Like Ally, Bridget is a self-proclaimed feminist who cannot hold onto a single tenet of the concept long enough to spare herself any plummets on her emotional rollercoaster of second-guessing and self-scrutiny. Many of the women with which she surrounds herself are in fact far more self-confident than she is, but there are no signs of it rubbing off.

Of course I was satisfied that in the end she was swept away by a diamond in the rough instead of the first greasy charmer, but it annoyed me to no end that she was so very passively swept away. Although Mark Darcy did let her know how impressed he was with her profile as a well-read feminist and her willingness to show up at a party in a bunny suit, she prefers to tell her diary what a turn-on it is to see him take control of her mother's legal fate in a swaggering, authoritarian way. Like Ally McBeal, Bridget does not see a boyfriend as a partner but rather the constant cat to her mouse.

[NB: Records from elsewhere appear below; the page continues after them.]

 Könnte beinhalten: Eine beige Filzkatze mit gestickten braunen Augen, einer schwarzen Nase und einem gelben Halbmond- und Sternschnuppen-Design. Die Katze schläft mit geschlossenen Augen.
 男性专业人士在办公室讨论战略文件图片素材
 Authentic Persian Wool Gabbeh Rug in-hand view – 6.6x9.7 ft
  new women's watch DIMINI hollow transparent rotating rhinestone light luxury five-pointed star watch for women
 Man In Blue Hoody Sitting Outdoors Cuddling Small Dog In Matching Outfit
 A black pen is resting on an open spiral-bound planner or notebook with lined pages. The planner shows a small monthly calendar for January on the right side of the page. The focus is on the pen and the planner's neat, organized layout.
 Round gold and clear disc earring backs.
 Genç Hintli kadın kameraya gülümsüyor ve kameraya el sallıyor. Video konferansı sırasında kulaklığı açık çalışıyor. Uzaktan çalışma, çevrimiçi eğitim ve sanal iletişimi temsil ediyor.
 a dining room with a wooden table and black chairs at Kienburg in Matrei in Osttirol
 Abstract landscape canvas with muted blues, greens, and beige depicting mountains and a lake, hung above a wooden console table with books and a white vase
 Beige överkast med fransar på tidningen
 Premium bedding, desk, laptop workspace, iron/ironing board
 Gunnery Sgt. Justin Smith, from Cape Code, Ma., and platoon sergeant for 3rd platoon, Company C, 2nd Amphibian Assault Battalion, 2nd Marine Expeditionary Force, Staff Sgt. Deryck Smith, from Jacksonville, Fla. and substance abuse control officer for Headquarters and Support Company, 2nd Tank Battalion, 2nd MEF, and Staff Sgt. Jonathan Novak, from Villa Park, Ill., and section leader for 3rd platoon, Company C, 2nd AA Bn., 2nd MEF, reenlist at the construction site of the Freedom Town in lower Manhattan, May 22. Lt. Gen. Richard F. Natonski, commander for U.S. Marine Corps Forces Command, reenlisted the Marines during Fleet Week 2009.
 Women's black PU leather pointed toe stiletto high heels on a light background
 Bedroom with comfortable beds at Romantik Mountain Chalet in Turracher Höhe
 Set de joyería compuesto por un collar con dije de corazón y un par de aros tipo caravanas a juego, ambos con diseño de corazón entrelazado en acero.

It's hard to be a working, single woman in today's modern society - yes. It's difficult to find a soul mate amid all the social pressure to simply find someone - yes. But obsessing over weight, appearance, and everyone else's opinion of you is an adolescent phase that can and must be overcome. Otherwise, on the microcosmic level, feminism has failed you and it's dishonest to claim it as a guise.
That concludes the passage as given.